Posts Tagged ‘evolution’

Bullet points for a Thursday morning.

  • I feel like I just can’t get anything done at work. I can’t make promises to customers more than two days in the future, because I’m not really in control of production. If anything, I make suggestions and those higher up than me decide to ignore them. Honestly, it’s incredibly depressing, and I’m beginning to wonder why I keep trying; it’d be a lot easier and probably a lot better if I didn’t. Because if I can, every day, just, almost get what I need to get done done, I’ll never get any help. I’ll just get a snowballing workload. I’ll be my own Katamari Damacy, except at the end of the day I won’t be creating new stars. I’ll be the hollowed, burnt-out husk of one.
  • I have to say that technology has taught me at least a few lessons. In view of the price drop on iPhones yesterday, in view of any version of Windows’ security and functionality before at least two service packs, and in view of the data one can lose using alpha software, I have learned that Early adopters are idiots. Sadly, early adoption is something of an internal mechanism, a natural function that can hardly be denied. Or you could put it this way: I’m an idiot, too.
  • I’ll end my sentences with prepositions if I bloody well please, thank you and please come again.
  • Don’t assume that anyone you know is pronouncing a Japanese word or phrase properly. According to my research, there’s about a 92% chance a Japanese person would laugh at them. Politely. On the inside.

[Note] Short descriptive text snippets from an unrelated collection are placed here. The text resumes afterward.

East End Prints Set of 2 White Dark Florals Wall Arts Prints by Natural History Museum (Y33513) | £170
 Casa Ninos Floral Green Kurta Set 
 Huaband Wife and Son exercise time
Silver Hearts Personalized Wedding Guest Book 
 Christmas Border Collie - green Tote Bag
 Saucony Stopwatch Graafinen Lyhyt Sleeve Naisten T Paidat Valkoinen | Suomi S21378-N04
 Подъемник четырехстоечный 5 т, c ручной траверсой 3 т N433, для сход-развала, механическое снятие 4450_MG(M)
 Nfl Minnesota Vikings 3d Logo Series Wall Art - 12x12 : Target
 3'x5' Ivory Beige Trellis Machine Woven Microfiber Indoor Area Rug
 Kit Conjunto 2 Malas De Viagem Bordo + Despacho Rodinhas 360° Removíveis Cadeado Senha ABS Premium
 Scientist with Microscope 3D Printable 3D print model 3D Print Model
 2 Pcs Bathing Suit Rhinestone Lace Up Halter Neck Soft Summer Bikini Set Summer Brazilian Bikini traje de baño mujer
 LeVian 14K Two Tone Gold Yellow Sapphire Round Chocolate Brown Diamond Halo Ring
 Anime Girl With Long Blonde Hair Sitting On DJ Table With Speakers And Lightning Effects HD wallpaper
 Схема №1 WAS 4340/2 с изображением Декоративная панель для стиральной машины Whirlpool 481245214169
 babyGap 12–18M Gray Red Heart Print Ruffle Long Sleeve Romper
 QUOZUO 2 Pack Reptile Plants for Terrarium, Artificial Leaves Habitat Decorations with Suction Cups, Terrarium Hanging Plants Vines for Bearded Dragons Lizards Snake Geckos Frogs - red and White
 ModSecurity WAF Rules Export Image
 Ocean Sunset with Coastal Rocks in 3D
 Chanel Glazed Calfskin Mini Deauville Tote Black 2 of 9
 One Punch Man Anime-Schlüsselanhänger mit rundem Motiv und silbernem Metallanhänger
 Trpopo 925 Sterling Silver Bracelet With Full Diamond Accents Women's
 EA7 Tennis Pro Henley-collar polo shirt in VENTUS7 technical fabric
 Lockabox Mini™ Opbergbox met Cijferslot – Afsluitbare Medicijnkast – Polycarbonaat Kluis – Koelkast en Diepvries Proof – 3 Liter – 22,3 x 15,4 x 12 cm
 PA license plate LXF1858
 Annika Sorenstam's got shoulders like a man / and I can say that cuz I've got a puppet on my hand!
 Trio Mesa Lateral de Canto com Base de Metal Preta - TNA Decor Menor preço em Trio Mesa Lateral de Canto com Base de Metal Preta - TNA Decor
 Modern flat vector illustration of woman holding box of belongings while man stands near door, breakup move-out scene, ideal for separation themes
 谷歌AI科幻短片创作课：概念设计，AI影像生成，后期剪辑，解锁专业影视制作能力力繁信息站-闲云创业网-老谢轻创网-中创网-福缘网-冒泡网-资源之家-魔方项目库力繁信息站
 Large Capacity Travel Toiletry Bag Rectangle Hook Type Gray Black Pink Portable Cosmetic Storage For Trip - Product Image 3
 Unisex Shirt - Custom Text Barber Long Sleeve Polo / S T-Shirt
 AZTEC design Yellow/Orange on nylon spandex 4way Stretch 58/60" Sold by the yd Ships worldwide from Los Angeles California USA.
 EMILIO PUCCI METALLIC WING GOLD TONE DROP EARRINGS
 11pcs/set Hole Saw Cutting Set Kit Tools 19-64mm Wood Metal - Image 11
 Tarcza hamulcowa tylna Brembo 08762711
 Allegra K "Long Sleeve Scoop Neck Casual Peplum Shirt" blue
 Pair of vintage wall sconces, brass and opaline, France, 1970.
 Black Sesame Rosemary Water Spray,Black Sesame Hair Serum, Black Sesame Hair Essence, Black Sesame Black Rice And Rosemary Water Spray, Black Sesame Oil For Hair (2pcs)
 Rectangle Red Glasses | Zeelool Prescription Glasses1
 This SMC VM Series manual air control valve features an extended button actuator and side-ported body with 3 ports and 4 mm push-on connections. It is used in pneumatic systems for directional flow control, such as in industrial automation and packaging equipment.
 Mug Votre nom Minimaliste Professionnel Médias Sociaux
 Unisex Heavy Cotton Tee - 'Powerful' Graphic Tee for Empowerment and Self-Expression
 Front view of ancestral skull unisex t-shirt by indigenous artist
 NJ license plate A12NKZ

  • I like the taste of creamer. I hate myself for this.
  • Interesting thought here. According to classical evolutionary biology (forgive me for accepting the premise for a moment), there is no over-arching design in evolution, there is no God meddling in the process, there is only survival of the fittest. But then, there’s no such thing of survival of the fittest, is there? It doesn’t really matter if a method of adaptation is optimal or not, only that it sucks the least. So maybe it should be Survival of the Least Awful, eh? The point is this: evolution isn’t a linear progression and you can’t say something is “better” in any real sense because it is more complex. Also, evolution can’t be said in any meaningful sense to select for truth. (Consider how your eye vibrates, for instance, and the images it ignores, it simply deletes in those moments; consider how very little of actual reality we can see with our eyes, all the spectrum that’s simply invisible to us; consider that there’s little reason that there aren’t ten senses and we’ve only evolved into five.) In that sense, we could, technically, be living in a dream world that doesn’t actually represent reality, if that dream world somehow gave humans an evolutionary advantage. What does this all mean? Well, let me put it this way: if evolution doesn’t select for truth, merely for adequacy, and your brain is a product of that process, how can you say evolution is true, since it’s a product of said possibly faulty brains? Thus you can reasonably say that classical evolution is self-defeating; any evolutionist that trusts his own reasoning tacitly believes at least some sort of a guiding force
  • With that out of my head, I can finally get back to my sea of paperwork. Yay!